JUGEMテーマ:地域/ローカル
「沖縄オバァ列伝」(双葉社)は2000年発行の沖縄本です。
沖縄のオバァが引き起こす"事件"の数々を面白おかしく書いてあります。
楽しい本だということは間違いなく、その続編である「続 沖縄オバァ列伝 オバァの喝」(2001)、「沖縄オバァ列伝番外編 オジィの逆襲」(2002)と立て続けにヒットしました。
いわゆる沖縄本はナイチの沖縄ファンを読者としていますから、なにしろ面白くないと売れません。
そのため、沖縄本がノンフィクションということはありえず、かなり誇張された内容になっています。
つまり、ネタは事実だとしても、それをどのように誇張するかが重要で、その技術が優れていると、その本は売れるわけです。

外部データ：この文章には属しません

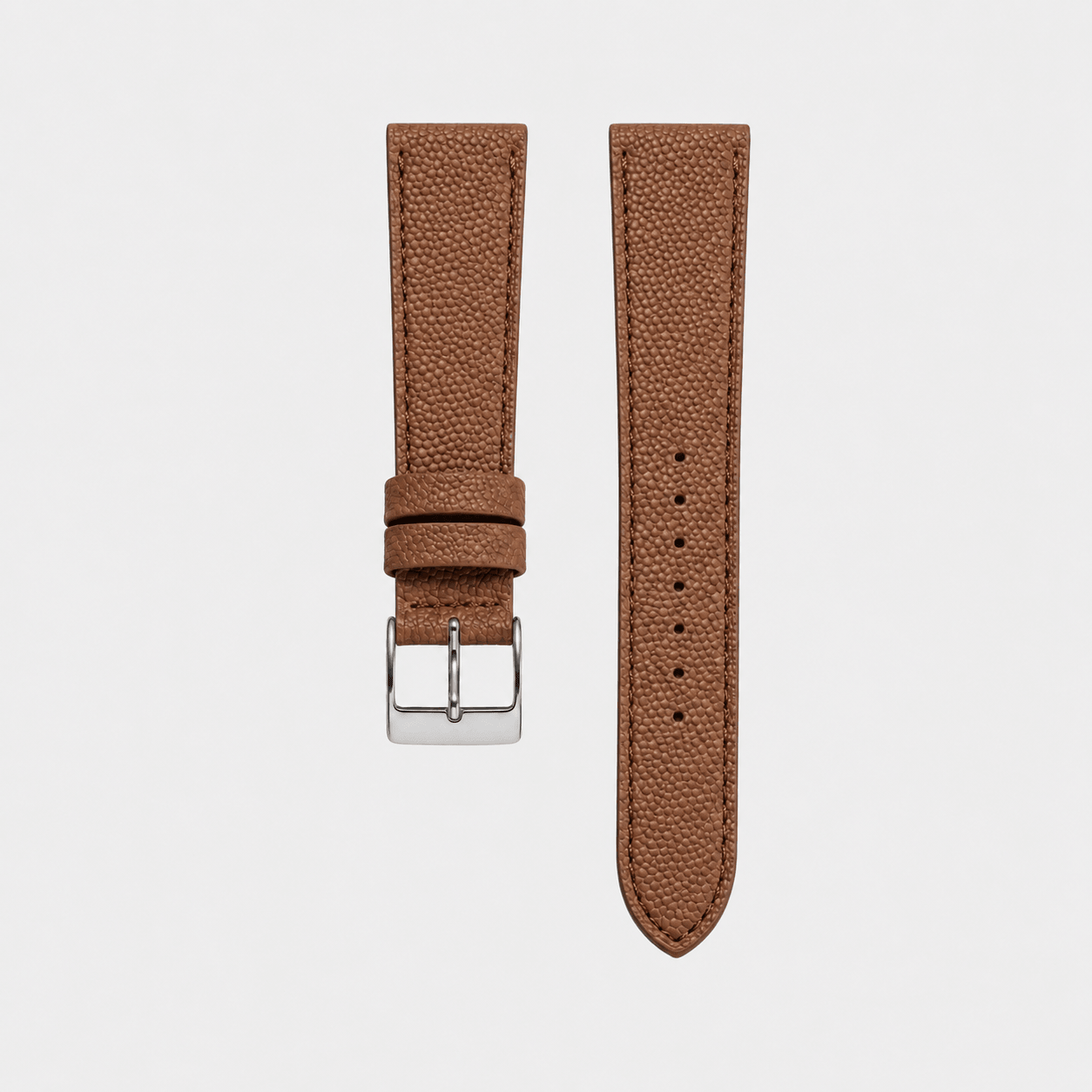 Caviar – Uhrenarmband aus edlem Kaviarleder in braunem spanischem Leder mit Kaviarstruktur und eleganter Schnalle.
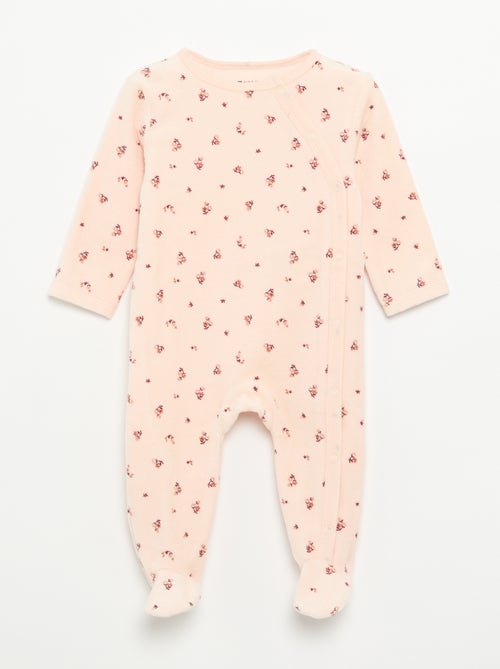 Set van 2 velours pyjama's met voetjes - Kiabi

現実の沖縄ではなく、沖縄ファンの思い描く沖縄が、その本の中にあります。
この手の本は、面白いのだけれど、何度も読み直すことはありません。
また、続編が2〜3冊発行されたあたりで、飽きてきます。誇張する技術に飽きてくるのです。
「沖縄オバァ列伝」は、その典型のように思えました。
以降、しばらく音沙汰無しでしたが、最新刊が発行されました。
「沖縄オバァの人生指南 沖縄オバァ列伝」(2007,文庫が2010)
既刊の続編ならば買うつもりはありませんでした。どこかで聞いたことのあるような話題が並んでいるだけですからね。
ところが、双葉社も考えました。
著者に比嘉淳子さんを起用して、ノンフィクションに近い路線に軌道修正したのです。
比嘉さんが実際に体験されたエピソードを通して、沖縄のオバァが描かれているので、「ウソくささ」がありません。沖縄の暮らしやしきたりを正しく理解できます。
これなら、読む気になります。また、読み返すこともありそうです。
一時的な沖縄ブームに便乗した沖縄本の時代は終わったのだと思います。ウソがバレたと言ってもよいかもしれません。